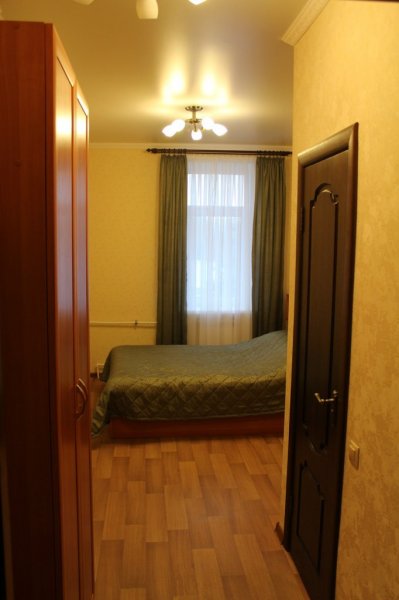 Hotel on Saydasheva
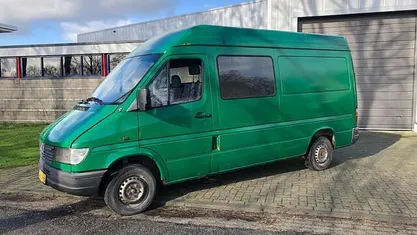 Occasion 1997 Mercedes Sprinter Van | € 3.500 (Super prijs)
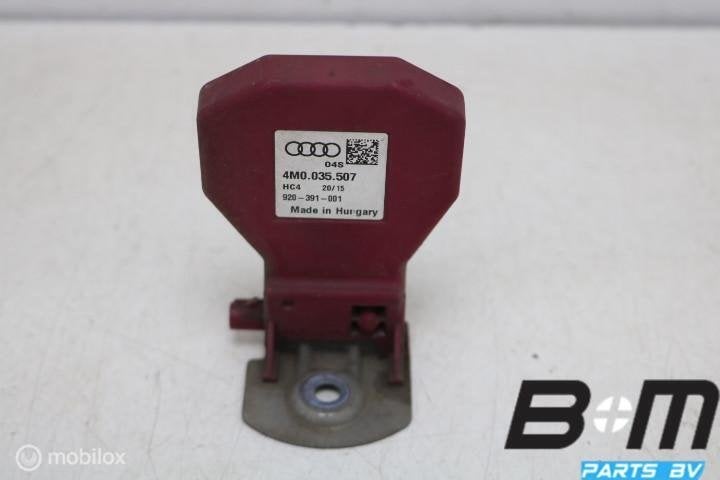 Telefoonantenne Audi A3 8V SB E-tron 4M0035507, Gebruikt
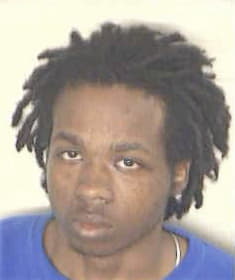 Andre Lloyd - Fulton County, GA 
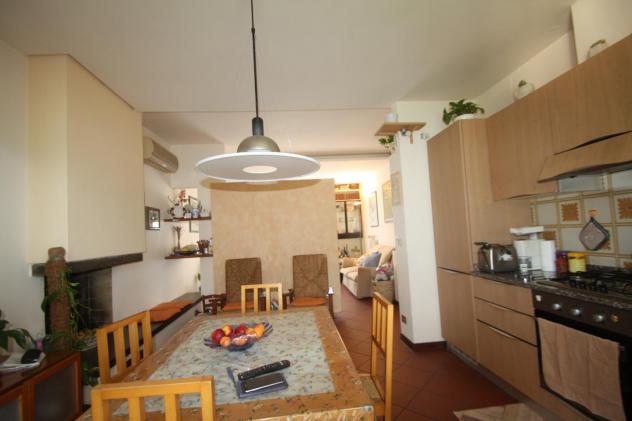 Appartamento in vendita a Ponte a Moriano - Lucca 100 mq Rif: 981713 - Foto 8
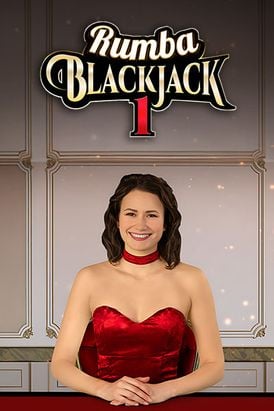 Rumba Blackjack 1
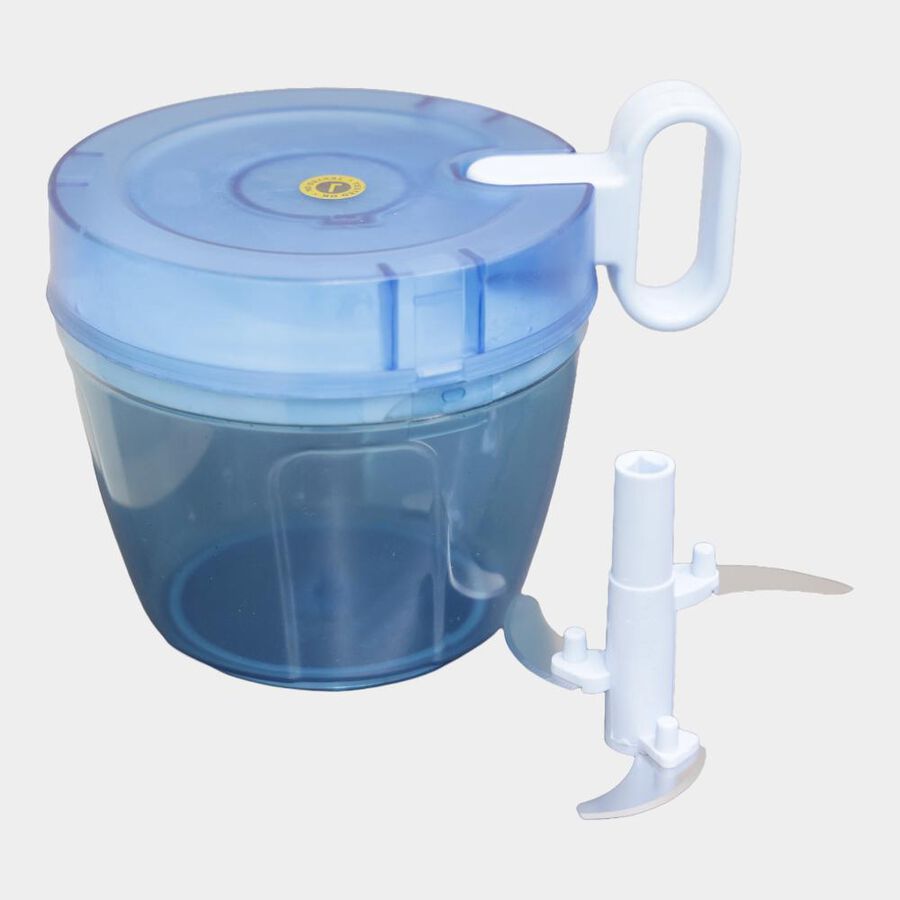 Manual Pull Chopper, , large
═══
◆ Exercise description
Write out exactly the lines from the one containing "Appartamento in vendita" through the end of the entries, both included. Pictures are not copied.

◆ Response box
 Appartamento in vendita a Ponte a Moriano - Lucca 100 mq Rif: 981713 - Foto 8
 Rumba Blackjack 1
 Manual Pull Chopper, , large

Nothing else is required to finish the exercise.